Encyclopaideia (Dec 2022)
Why Reading Towards a Phenomenological Axiology. Discovering What Matters by Roberta De Monticelli: Notes of a Fox who Wanted to be a Hedgehog
Abstract
This article reviews the outstanding and thought-provoking work by Roberta De Monticelli (2021), Towards a Phenomenological Axiology. Discovering What Matters. The article addresses the reasons why it should be read by everyone but especially by help professions practitioners. Although we all deal with morality and value judgments on on mundane, everyday bases, the professional life of education and care practitioners is namely a series of morally-loaded practices and decision-making informed by morally oriented (expert) knowledge. Beyond the thesis advanced in the book, its major contribution consists in making the reader think the inescapability of morality in everyday thinking and acting and the need for a reflective positioning towards this issue. By aligning with “the hedgehog vs. the fox” struggle proposed by the author as the framework of her theoretical proposal, the article advances what would be the doubts and counterarguments of a fox-like scholar in education.
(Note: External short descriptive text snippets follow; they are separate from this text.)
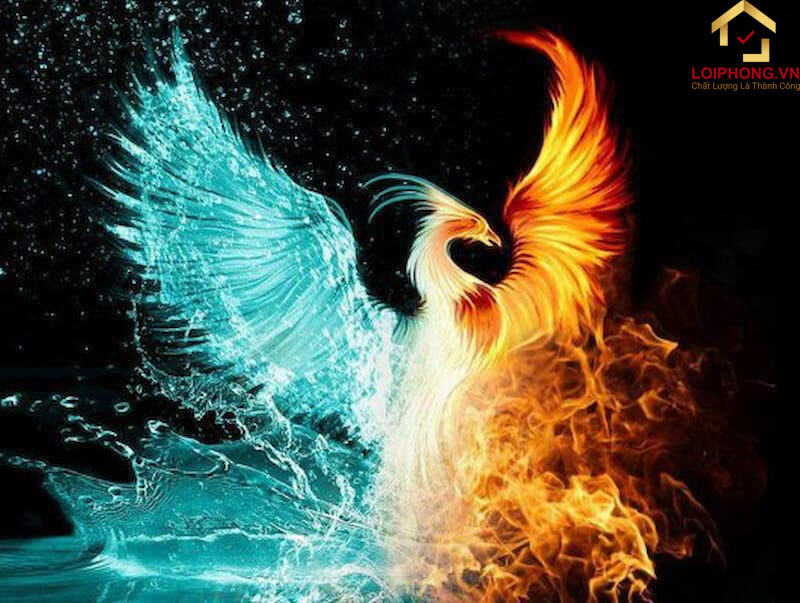 Loài chim này mang biểu tượng cho sự kết hợp âm dương hài hoà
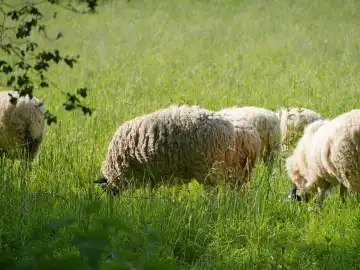 Sheep on the pasture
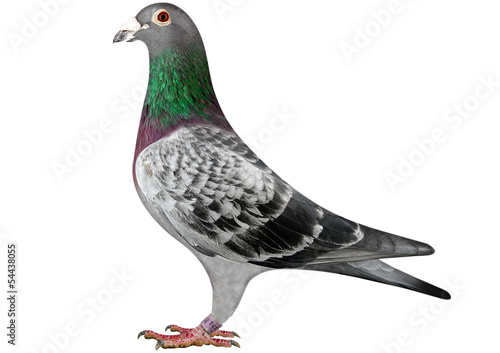 White pigeon image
It illustrates why her “professional vision” cannot but notice what appears to be under-thematized by the hedgehog, i.e., the unavoidable mediation of language and social interaction that precedes and therefore impacts the constitution of what the hedgehog convincingly notices: the entanglement of fact and value. The conclusion is dedicated to the (underestimated?) place of social sciences in such a debate, their tension between implicit normativity and presumed descriptivity, as well the challenges of the increasingly explicit normativity of applied social sciences.